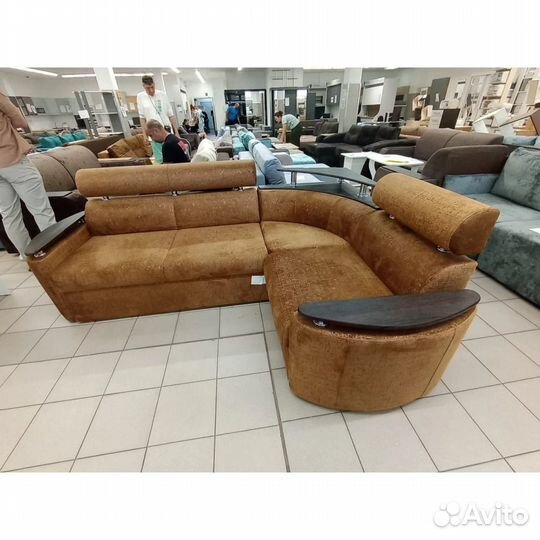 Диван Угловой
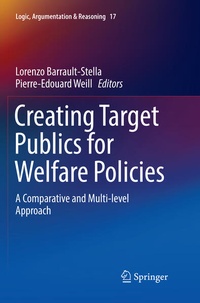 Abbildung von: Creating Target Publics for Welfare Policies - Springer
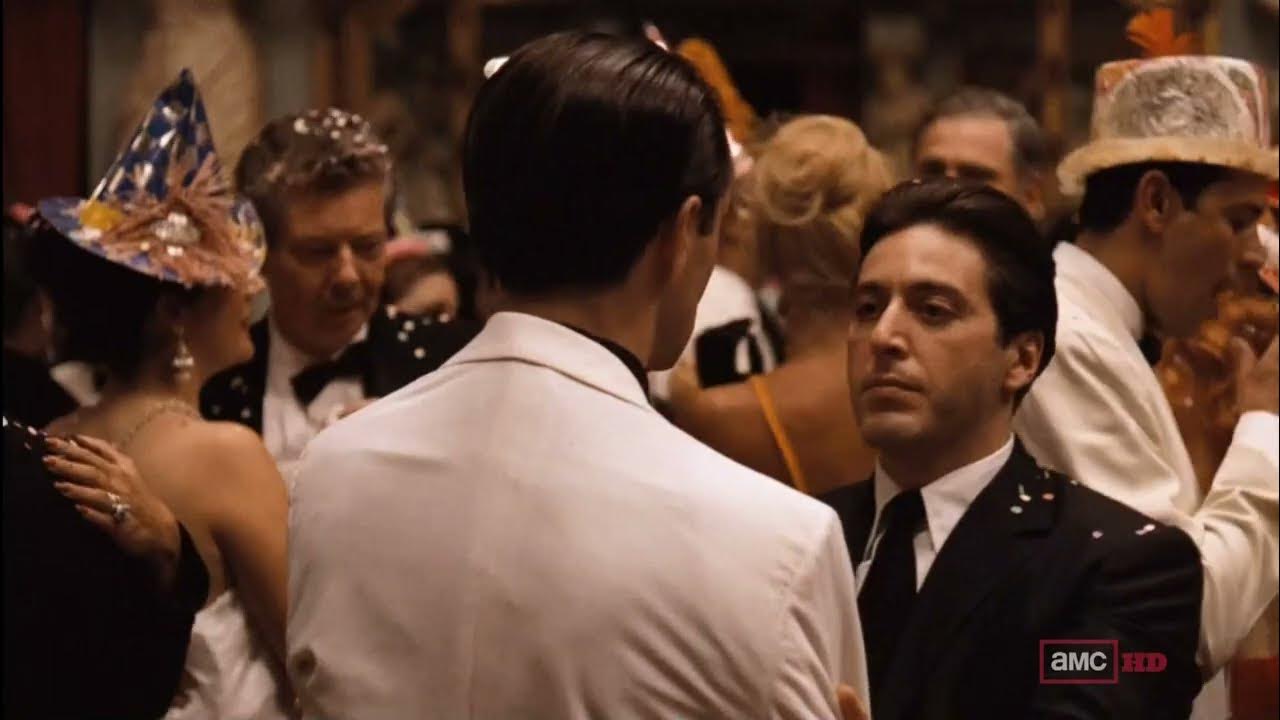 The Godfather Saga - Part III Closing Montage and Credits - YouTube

|---|

- _Work request_:
Since the pictures are not wanted, write out the rest of the data exactly as it reads.

- _Response area_:
 Диван Угловой
 Abbildung von: Creating Target Publics for Welfare Policies - Springer
 The Godfather Saga - Part III Closing Montage and Credits - YouTube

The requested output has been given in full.